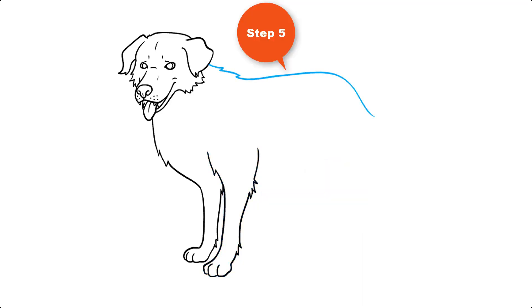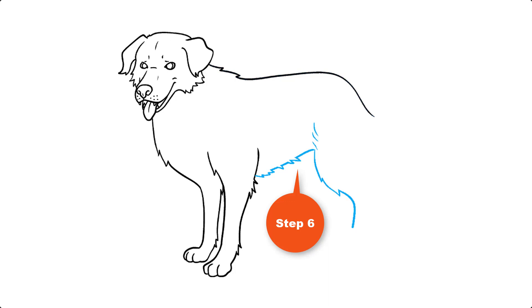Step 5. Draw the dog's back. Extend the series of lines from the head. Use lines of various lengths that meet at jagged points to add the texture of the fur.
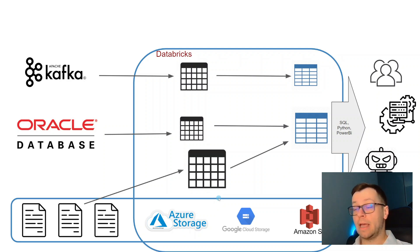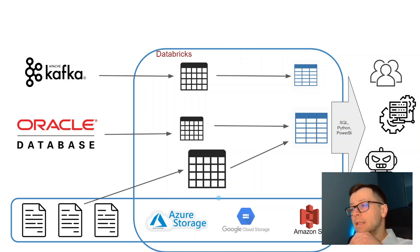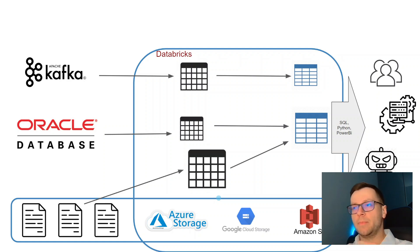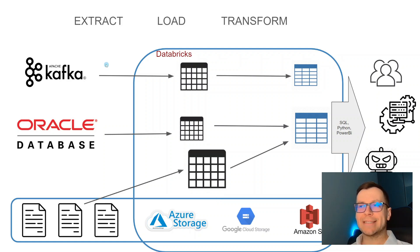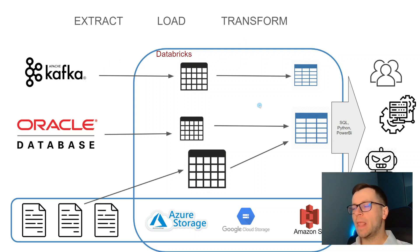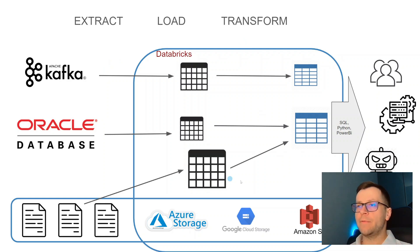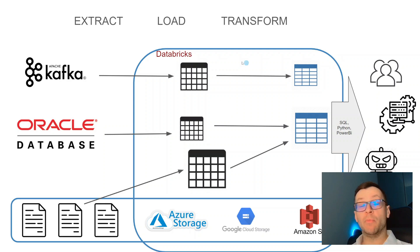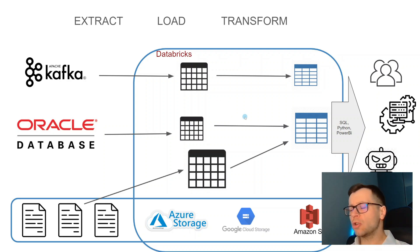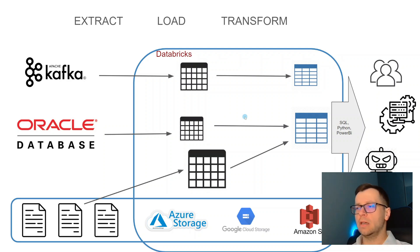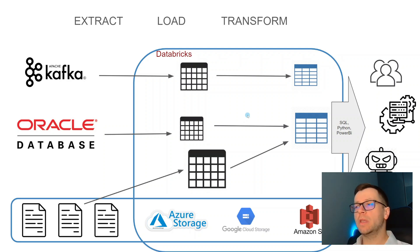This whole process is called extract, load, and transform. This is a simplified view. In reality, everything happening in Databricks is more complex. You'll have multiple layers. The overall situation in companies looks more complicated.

==

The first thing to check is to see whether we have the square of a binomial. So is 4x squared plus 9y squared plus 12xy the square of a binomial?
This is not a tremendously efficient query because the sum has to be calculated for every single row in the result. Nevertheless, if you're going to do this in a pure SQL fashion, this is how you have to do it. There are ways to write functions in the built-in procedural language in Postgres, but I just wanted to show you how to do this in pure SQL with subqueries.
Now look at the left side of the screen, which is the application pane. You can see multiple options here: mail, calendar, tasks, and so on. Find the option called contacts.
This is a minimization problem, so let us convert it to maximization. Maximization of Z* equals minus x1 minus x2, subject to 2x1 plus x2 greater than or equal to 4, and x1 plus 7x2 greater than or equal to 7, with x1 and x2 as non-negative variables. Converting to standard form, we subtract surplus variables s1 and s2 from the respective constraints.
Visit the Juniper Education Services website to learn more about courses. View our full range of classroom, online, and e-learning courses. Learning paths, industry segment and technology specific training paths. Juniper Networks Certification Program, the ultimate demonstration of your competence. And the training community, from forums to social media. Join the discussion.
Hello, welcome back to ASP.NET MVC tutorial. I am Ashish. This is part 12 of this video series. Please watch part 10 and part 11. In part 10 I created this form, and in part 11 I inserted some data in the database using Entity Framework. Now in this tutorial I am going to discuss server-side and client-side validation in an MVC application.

==

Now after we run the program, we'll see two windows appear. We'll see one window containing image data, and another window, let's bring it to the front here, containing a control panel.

| What you need to do |
Would you please copy exactly the part of the entries above that begins at the line containing "Visit the Juniper" and ends at the line containing "Hello, welcome back", both lines included?

| Solution to the problem |
Visit the Juniper Education Services website to learn more about courses. View our full range of classroom, online, and e-learning courses. Learning paths, industry segment and technology specific training paths. Juniper Networks Certification Program, the ultimate demonstration of your competence. And the training community, from forums to social media. Join the discussion.
Hello, welcome back to ASP.NET MVC tutorial. I am Ashish. This is part 12 of this video series. Please watch part 10 and part 11. In part 10 I created this form, and in part 11 I inserted some data in the database using Entity Framework. Now in this tutorial I am going to discuss server-side and client-side validation in an MVC application.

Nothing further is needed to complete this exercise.